# WHAT NEEDS TO BE DONE
Below are records; the lines starting at the one with "张从顺·张子权事迹精选7篇" and ending at the one with "Cruise Excursion Booking" must be reproduced exactly, both included. Pictures must not appear.

[SUPPLIED DATA]

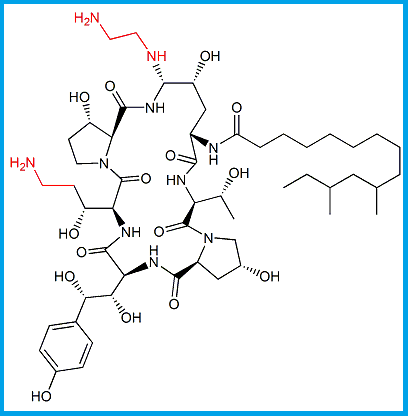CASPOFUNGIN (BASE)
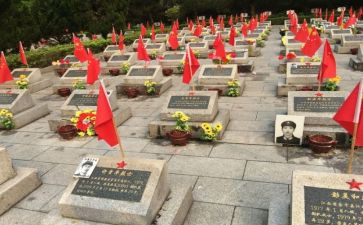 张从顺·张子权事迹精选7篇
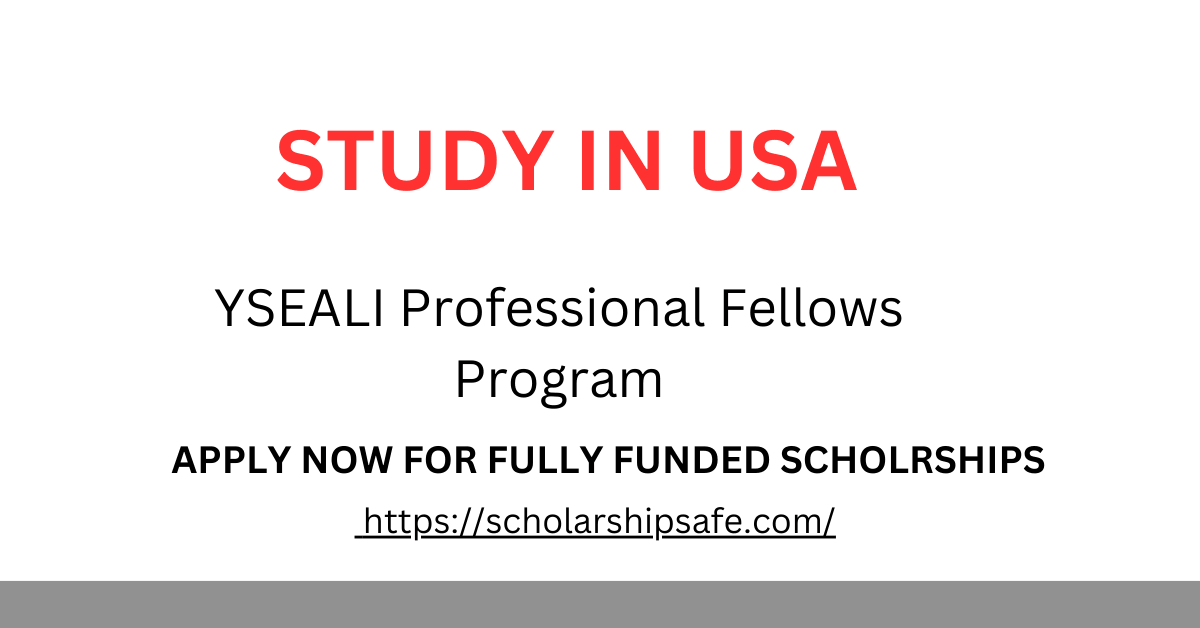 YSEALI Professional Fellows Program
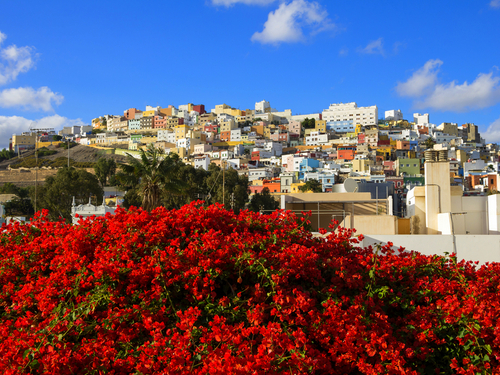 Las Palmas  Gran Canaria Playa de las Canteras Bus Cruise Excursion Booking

[/SUPPLIED DATA]
[SUPPLIED DATA]

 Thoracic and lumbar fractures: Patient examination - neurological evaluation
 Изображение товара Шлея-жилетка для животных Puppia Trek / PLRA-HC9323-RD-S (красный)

[/SUPPLIED DATA]

# REPLY TO THE EXERCISE
 张从顺·张子权事迹精选7篇
 YSEALI Professional Fellows Program
 Las Palmas  Gran Canaria Playa de las Canteras Bus Cruise Excursion Booking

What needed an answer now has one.